A comprehensive database of Tennessee native plants

Black Locust, Common Locust, Yellow Locust, False Acacia

Black Locust, Common Locust, Yellow Locust, False Acacia

Robinia pseudoacacia

Full sun; medium to dry moisture level; prefers fertile loam but tolerates a wide range of soils including silt loams, sandy loams, sandy and rocky; moderately acid to alkaline pH.

30-50 feet height by 20-35 feet spread; white, pea-like flowers in pendants 8 inches long in late spring; fruit is a flat, smooth, purple-brown seed pod, 2-4 inches long, in fall and persisting through winter.

Growth Rate: Very fast. Freely re-seeds and aggressively suckers from the roots. Can crowd out nearby plants.

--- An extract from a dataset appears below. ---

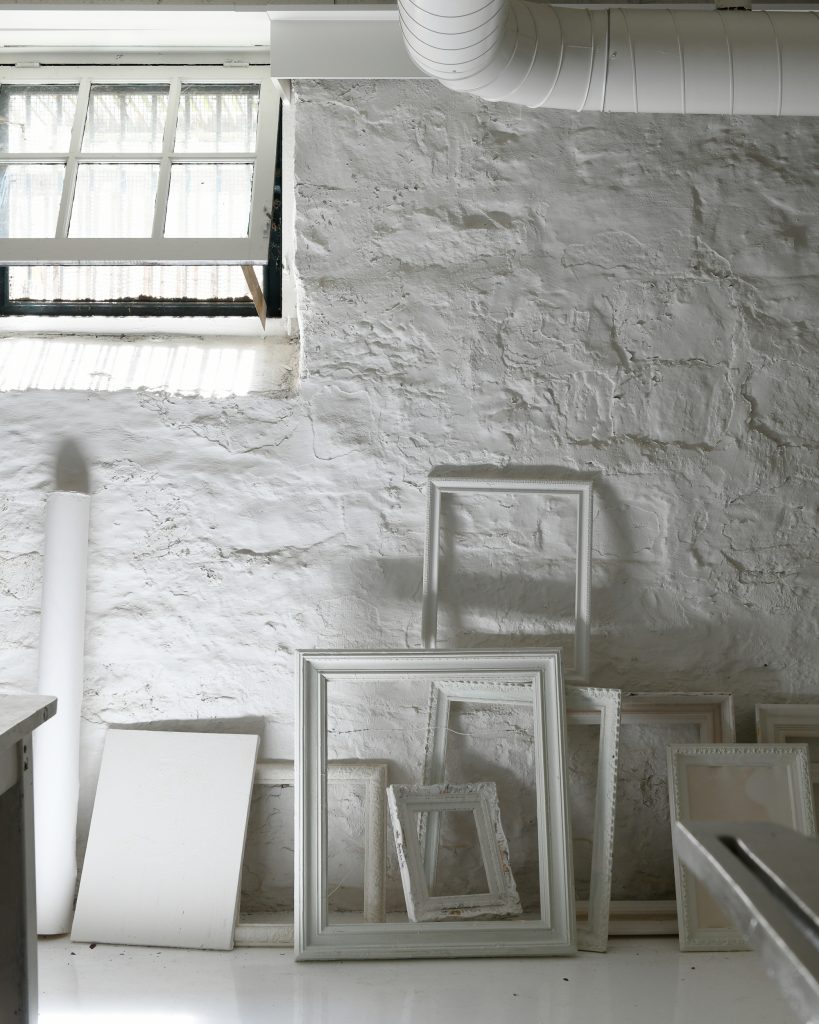 A white brick wall with white painted picture frames leaning against it.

Maintenance: Infrequent disease problems but susceptible to a variety of insect pests, especially borers and leaf miners which can make trees unsightly and kill them. Susceptible to wind and ice damage. Long, underground runners can disrupt nearby gardens and become a maintenance problem.

Propagation: Easy from softwood, hardwood, and root cuttings. Difficult from seed. Seldom grown from seed due to ease of vegetative reproduction.

Native Region: Statewide

Often an upright tree with a straight trunk and a narrow, oblong crown, becoming ragged and scraggly with age. Showy, extremely fragrant, wisteria-like flowers. Separate male and female plants and only female plants produce flowers. Branches usually armed with short spines up to 1¼ inch long. Very easy to grow.

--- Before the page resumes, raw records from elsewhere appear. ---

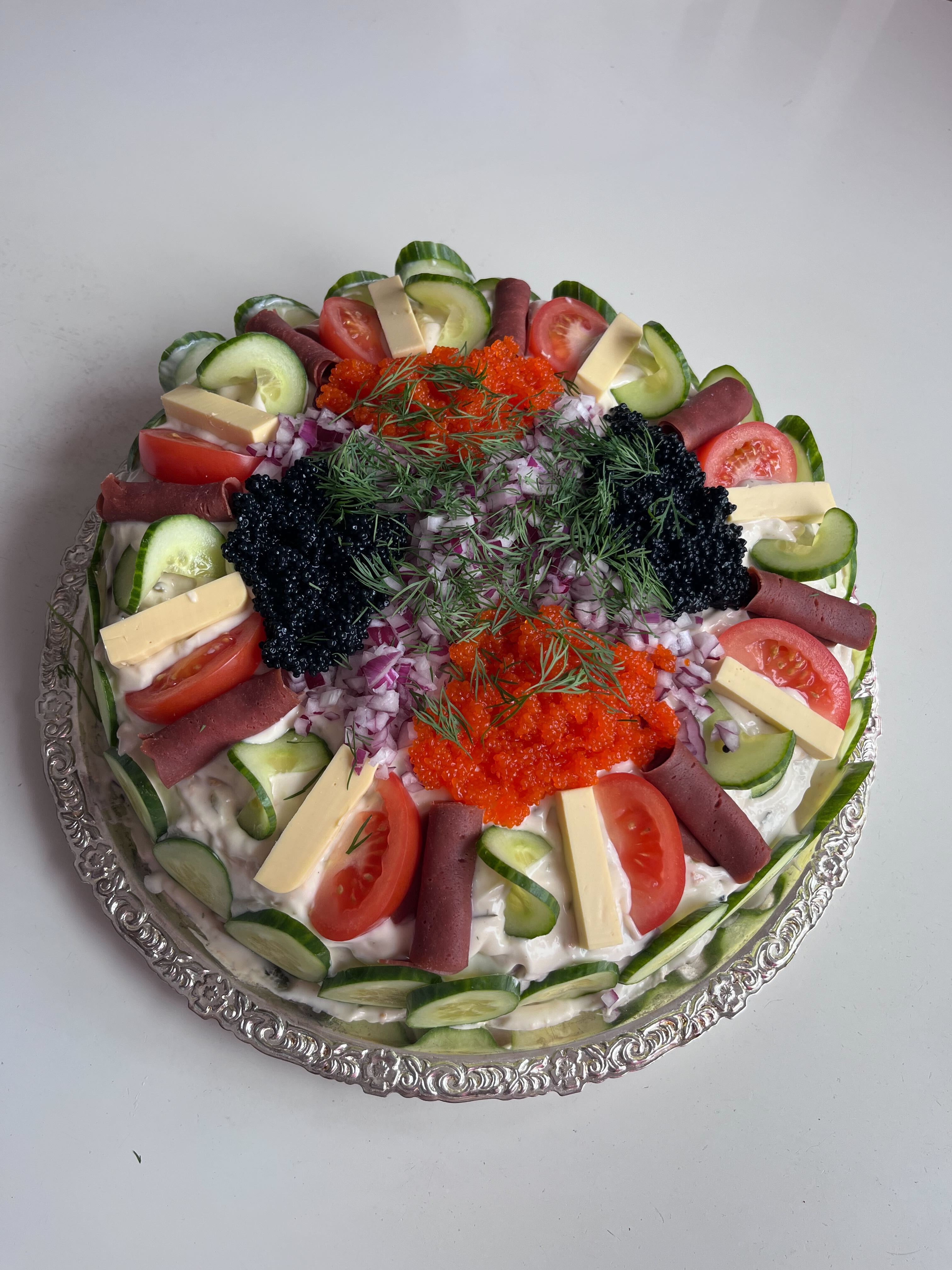 Vegansk smörgåstårta i rund form på ett silverfat.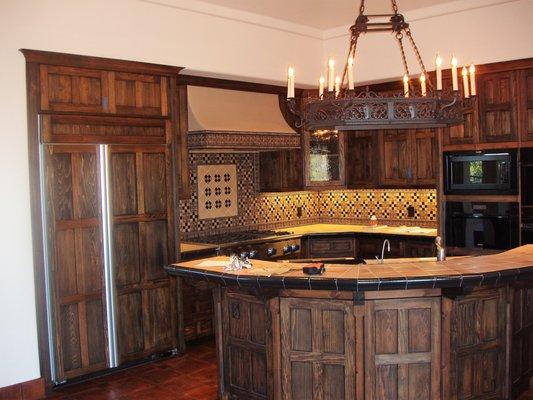 Rancho San Carlos--kitchen cabinet Mexican Tar and waxed finish.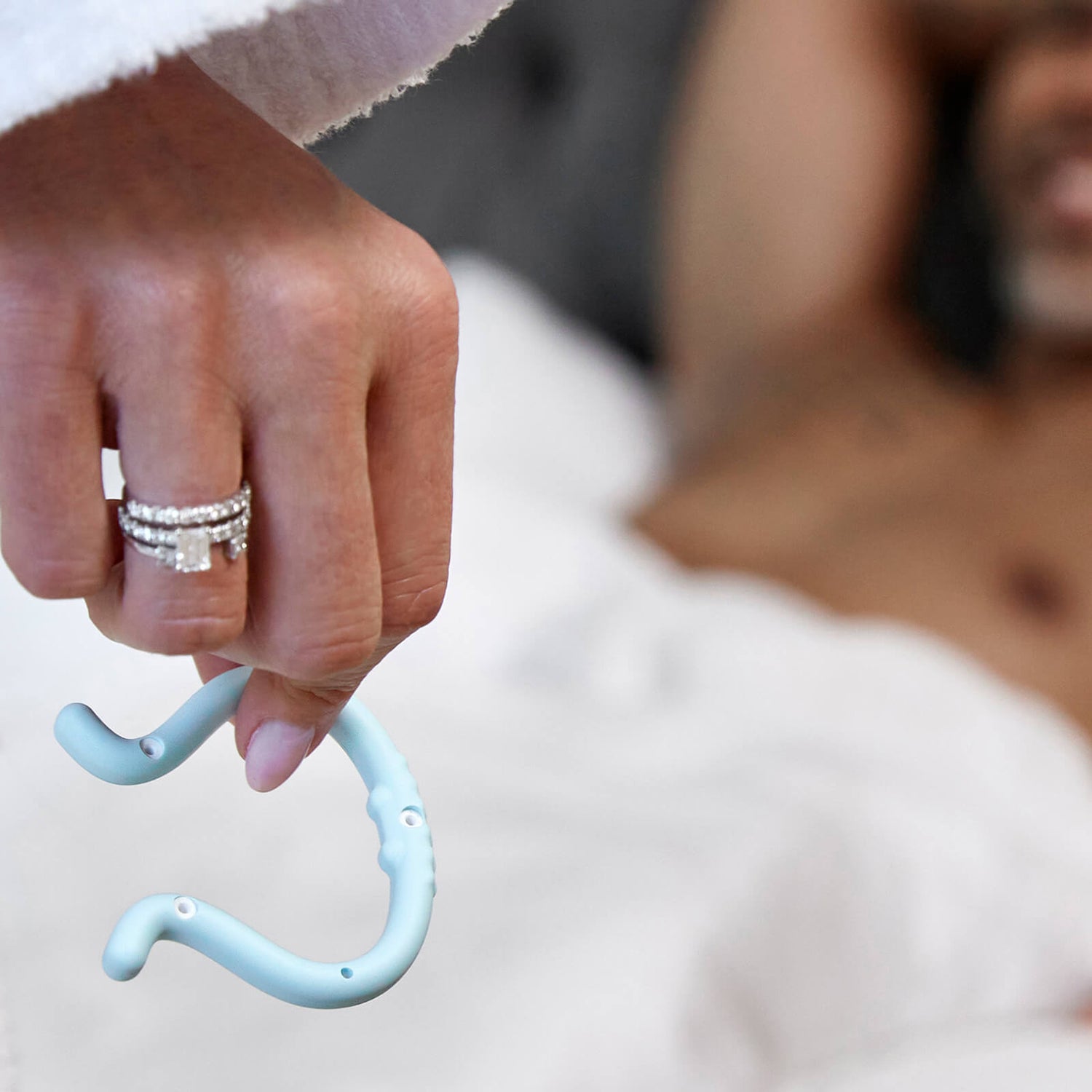 Woman with Wedding Ring Holding Eddie Next to Husband in Bed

It has many bad habits—short-lived, weedy, invasive, produces copious quantities of seed, and sheds branches in high winds. Not for the home landscape. Best used in difficult situations where other trees will not grow well. Extremely adaptable to a wide range of soils and can fix atmospheric nitrogen so it can partially create its own nitrogen supply as well as improve soil quality. Good plant for erosion control and use in highly disturbed areas due to its ease of establishment. Widely used for land reclamation projects. Originally native to the Allegheny Mountains, but it has escaped from gardens and naturalized over much of the U.S.   Cultivars available.

Attracts birds, butterflies, bees and hummingbirds.